On estime qu’il y a environ 200.000 travailleurs immigrés en Israël. 100.000 sont encore dans leurs droits. Et 100.000 sont venus légalement, soit en tant que travailleur immigré avec un visa de cinq ans, soit en tant que touriste avec un visa de trois mois, pour travailler, mais sont aujourd’hui dans la clandestinité. La plupart viennent d’ex-Union soviétique ou d’Europe de l’Est. Ils se fondent dans la masse, sont assimilés à l’Alyah des ressortissants de l’ex-Union soviétique et donc pas inquiétés.
À côté des travailleurs immigrés, on estime à environ 30.000 le nombre de demandeurs d’asile, qui viennent principalement d’Érythrée. Il y aussi une importante communauté de Soudanais qui viennent du Darfour et du Nil Bleu. Ces populations ont eu des enfants depuis leur arrivée en 2008. On estime qu’il y a environ 7.000 enfants nés de ces demandeurs d’asile. À cela, il faut ajouter les Ukrainiens, arrivés depuis un an et demi, ainsi que ceux qui ne peuvent pas repartir à cause de la guerre. Plusieurs chiffres ont été donnés mais, en tout, cela ferait 15.000 ressortissants ukrainiens.
LS Le 2 septembre des échauffourées ont éclaté entre Érythréens à Tel-Aviv. La police a eu une réponse musclée envers les manifestants. Comment analysez-vous ces récents événements ?
JML Ce problème est connu de ceux qui sont proches de la communauté érythréenne. L’Érythrée est l’une des derniers régimes totalitaires qui, depuis 1993, n’accorde aucune liberté à sa population. Il y a un système d’enrôlement dans l’armée qui constitue une forme d’esclavage. Je connais des personnes qui se sont échappées, car on voulait les contraindre à rentrer dans l’armée à 13 ou 14 ans. Sur les 15-40 ans, 20% de cette classe d’âge a quitté le pays depuis une vingtaine d’années pour échapper au régime d’Isaias Afwerki. Contrairement aux pays occidentaux, Israël a des relations diplomatiques pleines avec l’Érythrée, probablement pour des raisons stratégiques. On imagine (sans que rien ne sorte dans la presse) qu’Israël a des bases de renseignement en Érythrée.
La très grande majorité des Érythréens qui sont arrivés en Israël à partir de 2007 et 2008 se sont échappés de ce régime totalitaire. Par ailleurs, il y a aussi une partie de ces migrants qui soutiennent le régime. Selon les estimations de la communauté érythréenne, 10% des Érythréens en Israël soutiennent le régime d’IsaiasAfwerki. D’autres Érythréens gardent une relation ambivalente avec l’Érythrée pour pouvoir un jour éventuellement rentrer au pays. Les Érythréens sont d’ailleurs tenus de payer, via l’ambassade, 2% de leur salaire au régime érythréen. Ce que font, de fait, seulement ceux qui soutiennent le régime et restent en contact avec leur ambassade en Israël.

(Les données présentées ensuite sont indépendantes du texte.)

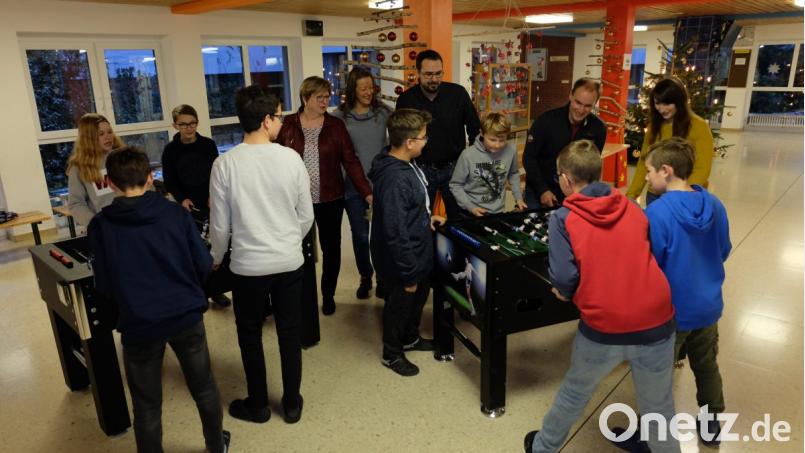 Die Elternvertreter konnten sich selbst davon überzeugen, wie professionell manche Schüler kickern können. Im Bild hinten Mitte Rektorin Gisela Kastner, rechts daneben Elternbeiratsvorsitzende Birgit Bleistein und ihr Stellvertreter Christian Strunz. Am Spieltisch Lehrer Christian Reber, der großen Spaß daran hat, selbst ab und zu mitzuspielen. Bild: exb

Début septembre, le régime voulait fêter les 30 ans de l’accession au pouvoir d’Isaias Afwerki. Pour cela, ils ont organisé un événement pour lequel les participants devaient payer 1500 shekels, dans une salle de fête dans le sud de Tel-Aviv. Ceux qui s’opposent au régime avaient prévenu que la liberté de célébrer le régime totalitaire serait perçue comme une réelle provocation. Ils avaient prévu des manifestations non-violentes en dehors de cette salle de fête. Mais la police israélienne ne s’est pas préparée à de tels événements. Tout ce qui concerne la communauté érythréenne ou soudanaise en Israël n’est pas considéré par les autorités. La police s’est laissée dépasser. Cela a dégénéré dans la violence entre les deux groupes, y compris envers la police israélienne qui s’est sentie menacée et a réagi. Elle a fini par arrêter quelques dizaines de participants à ces manifestations.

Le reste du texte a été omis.